La barra antirollio è ancorata in modo elastico alla scocca nella parte centrale, mentre le sue estremità sono fissate ai componenti che sorreggono le ruote. La barra lavora quindi per torsione: in caso di sbandamento laterale, le estremità del componente si spostano verticalmente in senso inverso, mentre la parte centrale si attorciglia. Questo consente di ridistribuire il carico sugli elementi elastici della sospensione, il che riduce le oscillazioni angolari-trasversali della carrozzeria. Le barre antirollio garantiscono un miglioramento della stabilità in curva, senza irrigidire le sospensioni e senza una diminuzione del comfort di marcia.

La barra stabilizzatrice viene impiegata principalmente su vetture sportive e da competizione, come quelle che corrono in pista e nei rally.

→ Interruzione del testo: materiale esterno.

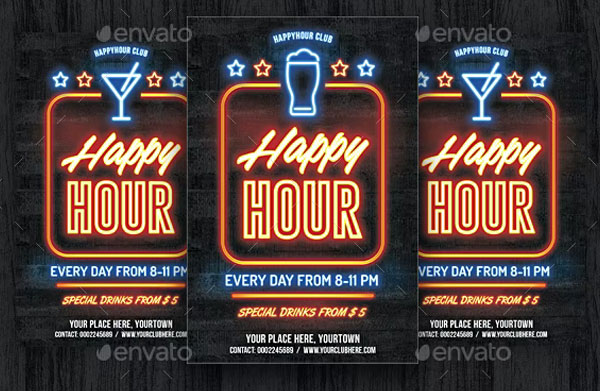 Simple Happy Hour Flyer Template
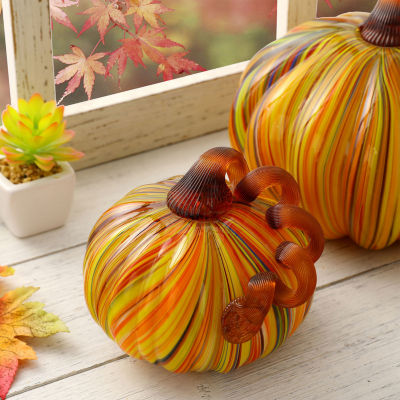 Glitzhome 2-pc. Glass Short Pumpkin Thanksgiving Tabletop Decor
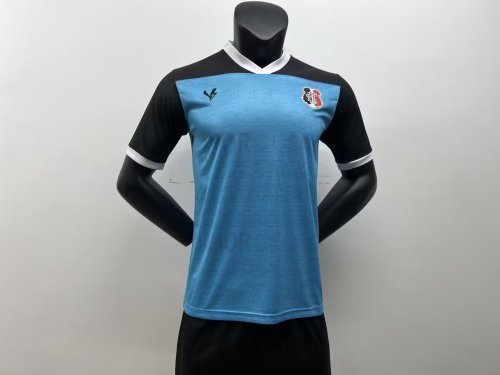 Santa Cruz Camiseta de Futbol Fan Version 2023-2024 Santa Cruz Blue Goalkeeper Soccer Jersey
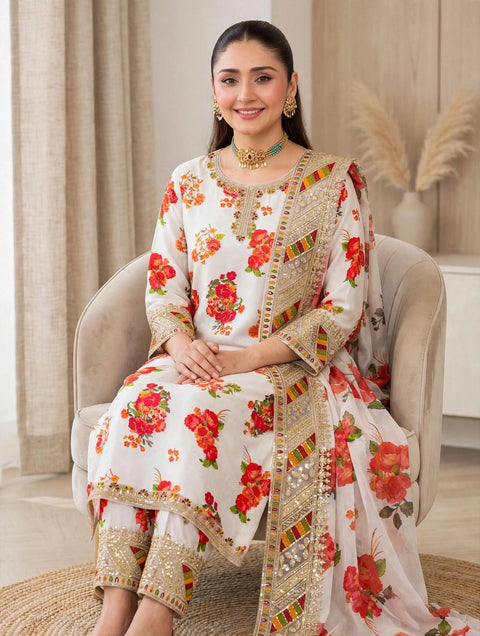 💕 #ETHNIC Beautiful Fancy Embroidered Shamooz Silk 3 PC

Inoltre, è molto utilizzata anche nel settore delle elaborazioni, conosciuto come tuning. A seconda del veicolo, si possono avere una barra antirollio anteriore o posteriore, oppure entrambe.

Barra antirollio anteriore

Ci sono vetture che hanno solo barra antirollio anteriore. Se un’auto, invece, ha le barre stabilizzatrici sia davanti che dietro, è importante che siano ben bilanciate. Infatti, se una macchina ha una barra antirollio molto più rigida all’anteriore rispetto che al posteriore indurrà facilmente il sottosterzo nel veicolo. A contrario, se la barra antirollio anteriore è troppo morbida rispetto a quella posteriore, sarà facile avere del sovrasterzo.

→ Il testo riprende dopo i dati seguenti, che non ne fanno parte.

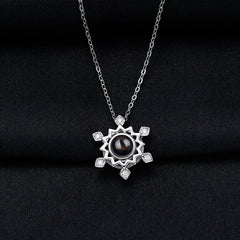 Pendant Custom Photo Flower Necklace 925 Silver Romantic Gift For Girlfriend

Barra antirollio posteriore

Vediamo come funziona la barra antirollio posteriore. Nel caso di vetture che hanno con sospensioni a ruote interconnesse al retrotreno, la funzione della barra antirollio è assolta dal robusto elemento torcente trasversale di connessione. Nel caso di sospensioni posteriori totalmente indipendenti, invece, viene utilizzata la barra antirollio classica.

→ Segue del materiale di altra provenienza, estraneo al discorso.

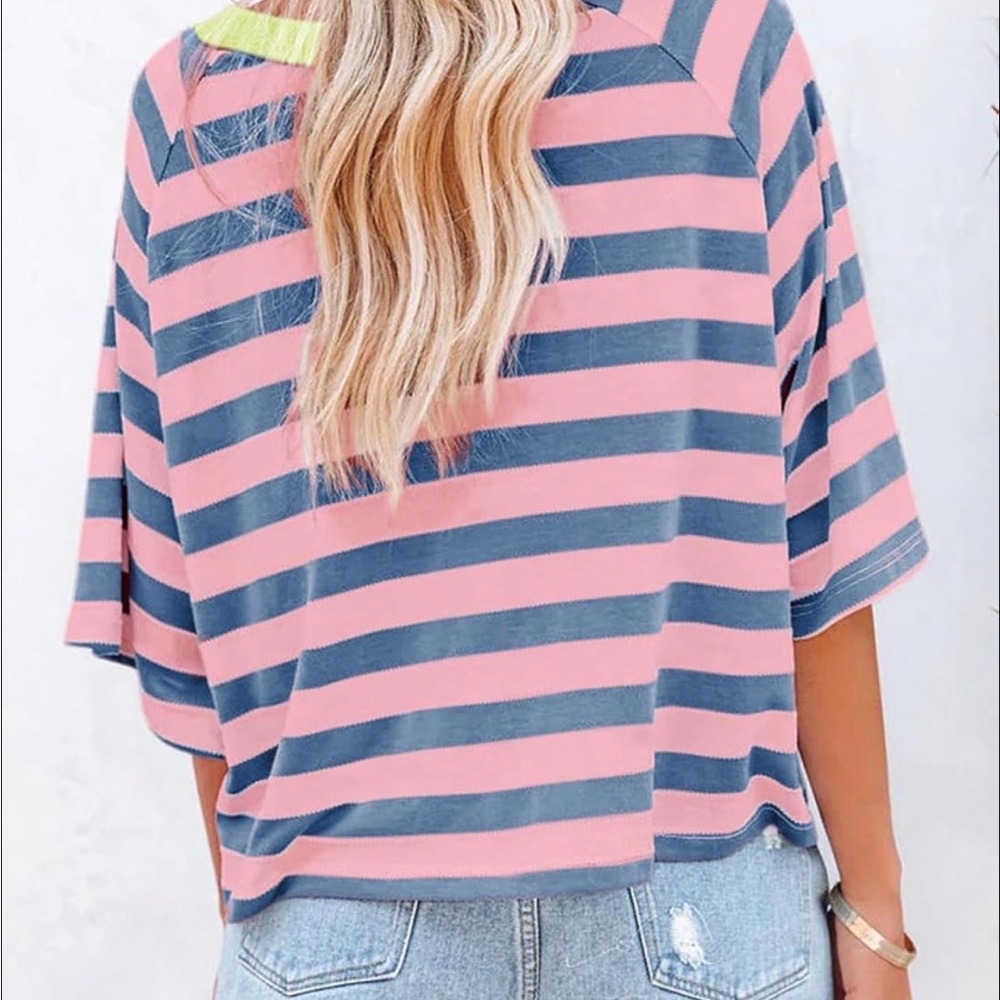 Striped Pink and Blue Women Tee - Picture 2 of 2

Sulle vetture con l’assale posteriore rigido la barra può non esserci, anche se potrebbe svolgere ugualmente la sua funzione.  Nelle auto sportive ad alte prestazioni le barre antirollio sono più rigide e spesso ampiamente regolabili nella flessibilità. La regolazione avviene variando il punto di ancoraggio delle biellette o adottando bracci di leva a coltello rotanti di 90°.

Barra antirollio regolabile

Le barre antirollio si distinguono anche in base al cambiamento di rigidità. Pertanto, la barra antirollio può essere fissa o regolabile. Riguardo a questa seconda tipologia il parametro è regolabile selezionando il tipo di attacco dello stabilizzatore. Nelle automobili di produzione recente, soprattutto nei fuoristrada, questa funzionalità è implementata mediante la sostituzione dei tiranti con cilindri idraulici.

Barra stabilizzatrice rotta: sintomi

Ci sono dei sintomi che possono farti capire se la barra stabilizzatrice è rotta. Se la barra antirollio anteriore è rotta, puoi notare delle differenze significative nel modo di sterzare della vettura, soprattutto se guidi ad alta velocità. In questo caso, presta particolare attenzione perché puoi anche perdere il controllo dell’auto. Se, invece, ad essere rotta è la barra antirollio posteriore, la situazione è un po’ meno grave. Questo problema incide sul comportamento dell’auto, in particolare, quando si cambia corsia o si affrontano delle curve, e in altre situazioni in cui la vettura oscilla.

Questa differenza di maneggevolezza può essere più o meno pronunciata in base al tipo di auto. Ad esempio, una coupé sportiva ne risente maggiormente rispetto ad una berlina. Se devi guidare con una barra antirollio rotta, ti consigliamo di procedere più lentamente rispetto al normale. Evita, inoltre, le autostrade e le strade dove potresti dover cambiare corsia. Mantenendo la velocità bassa e non facendo cambi di corsia, puoi guidare fino a quando hai la possibilità di sostituire la barra stabilizzatrice.